For the material below, the expected output is exactly the lines between the line holding "Un área de comedor" and the line holding "20 Autumn Street", inclusive, with pictures left out.

▶ **Data for the task**:
· · ·

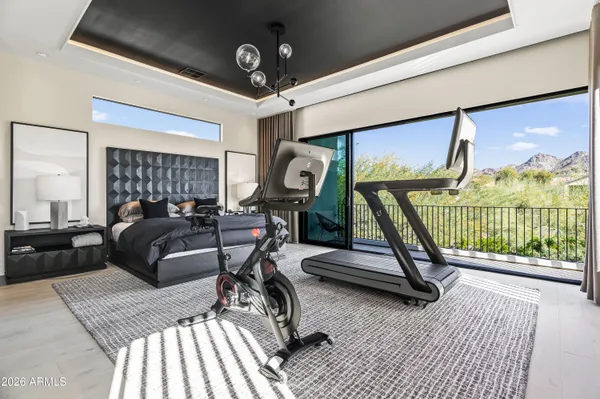 a living room with lots of furniture and a table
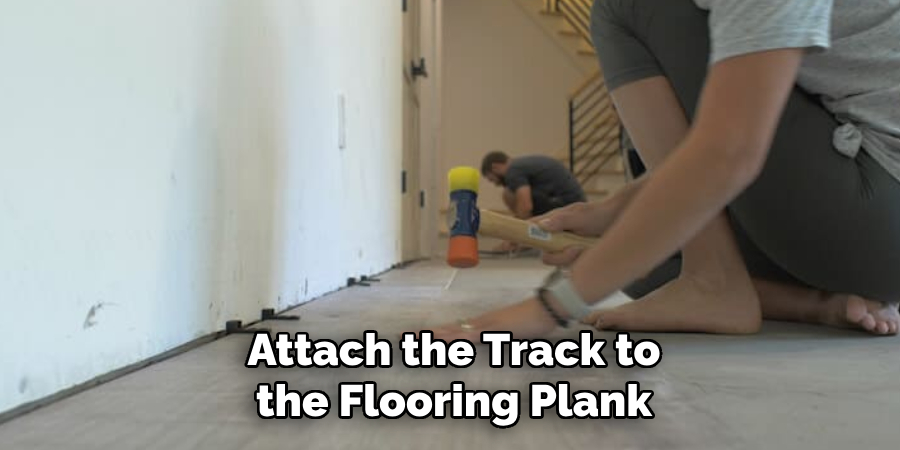 Attach the Track to the Flooring Plank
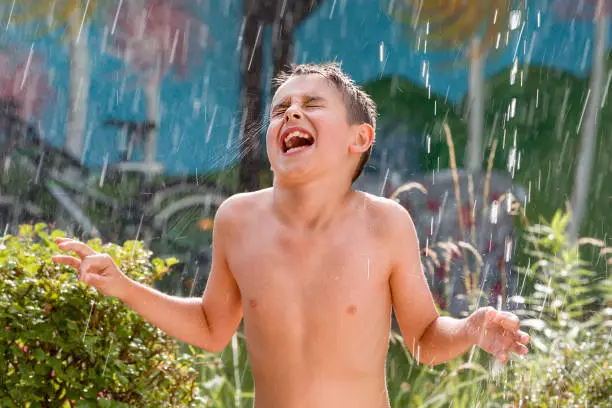 boy in the garden with a colorful background
playing in the rain, child getting wet from the raindrops, happy kid dancing, rain drops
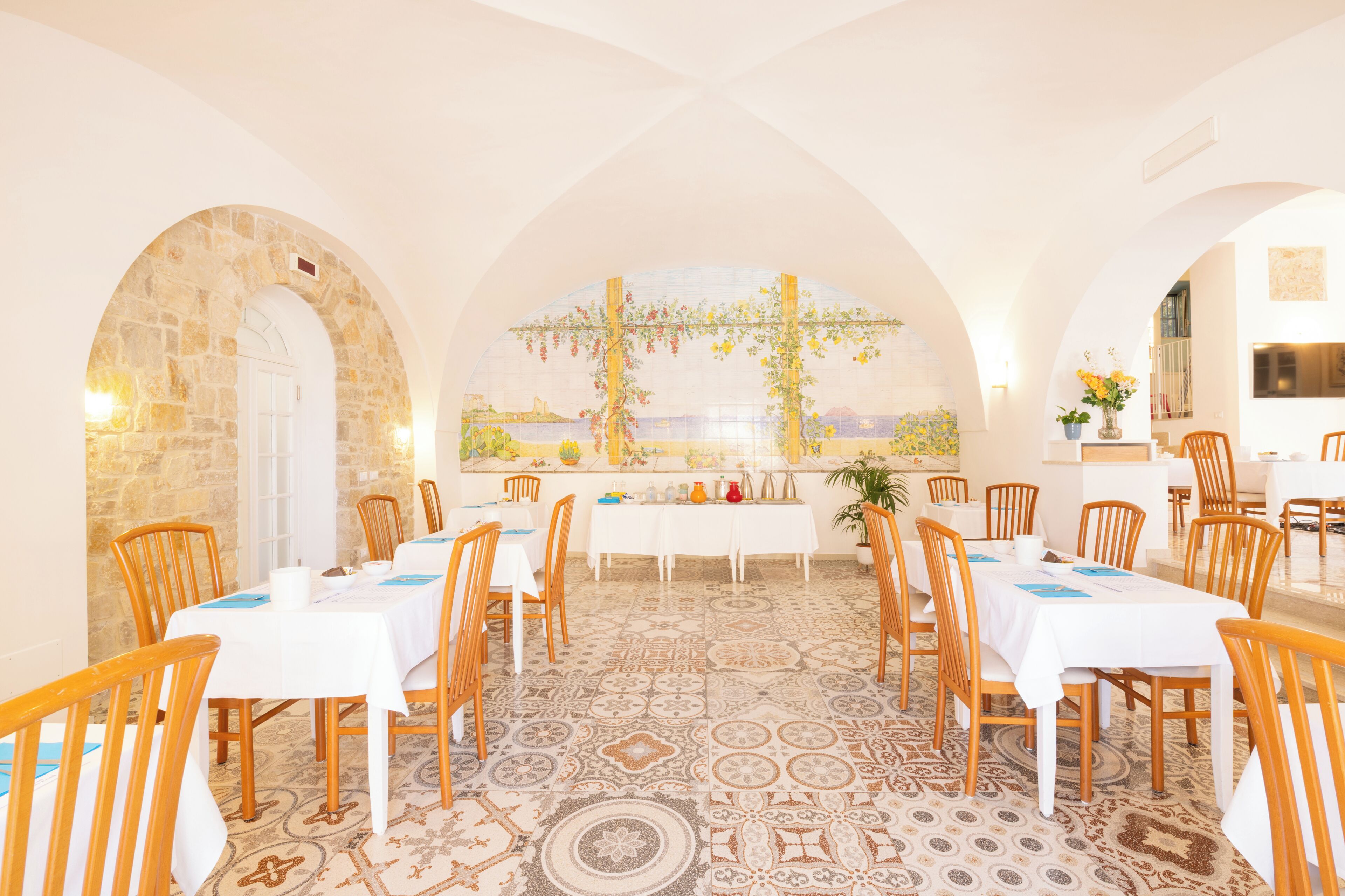 Un área de comedor con mesas y sillas, una pared de piedra y vistas a través de una ventana.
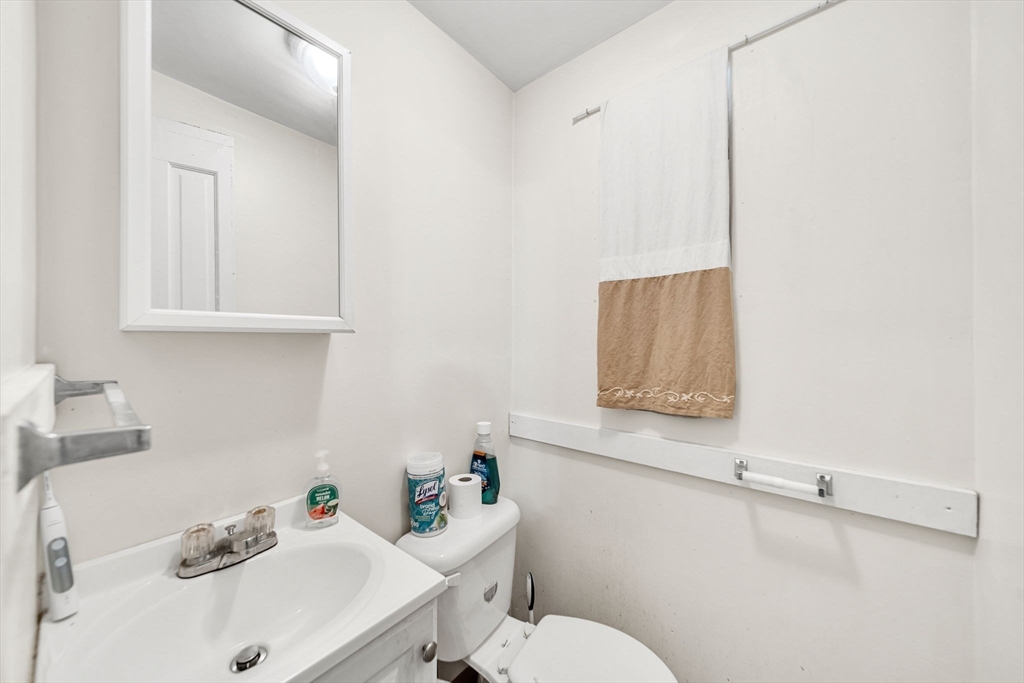 20 Autumn Street Somerville, MA 02145 - Photo 19 of 34 a bathroom with a sink mirror and toilet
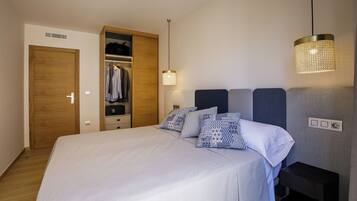 A bedroom with a bed, a wardrobe, a bedside table, and a hanging light fixture.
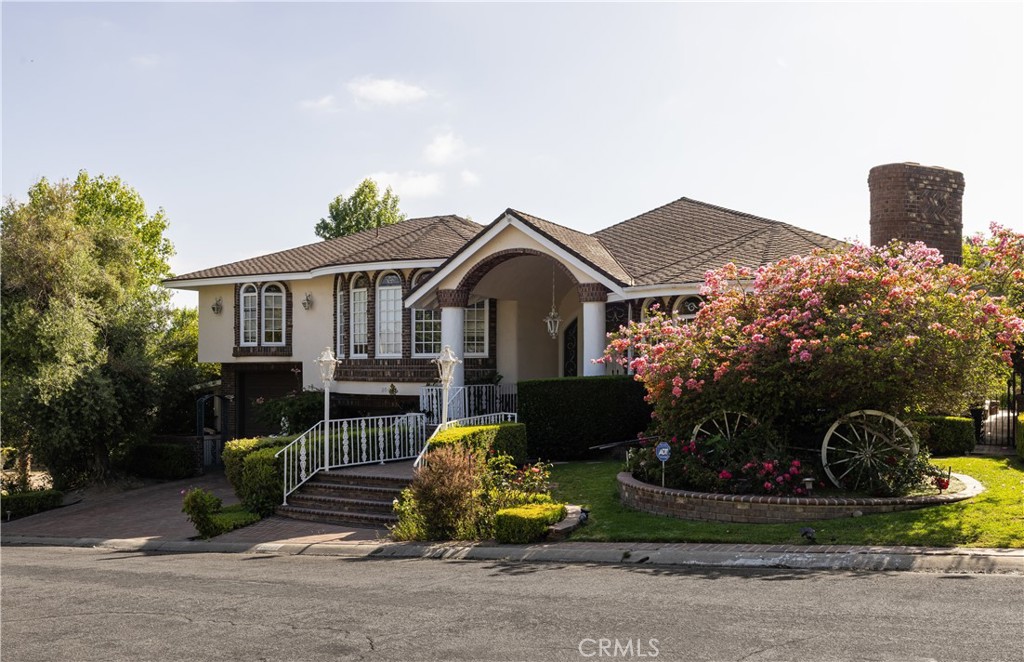 26421 Broken Bit Lane Laguna Hills, CA 92653 - Photo 1 of 15 a front view of a house with garden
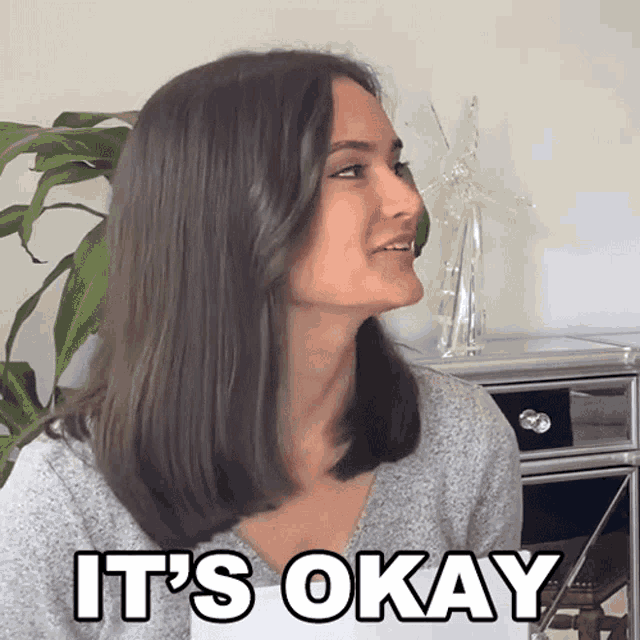 a woman says " it 's okay " in a room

· · ·

▶ **Task response**:
 Un área de comedor con mesas y sillas, una pared de piedra y vistas a través de una ventana.
 20 Autumn Street Somerville, MA 02145 - Photo 19 of 34 a bathroom with a sink mirror and toilet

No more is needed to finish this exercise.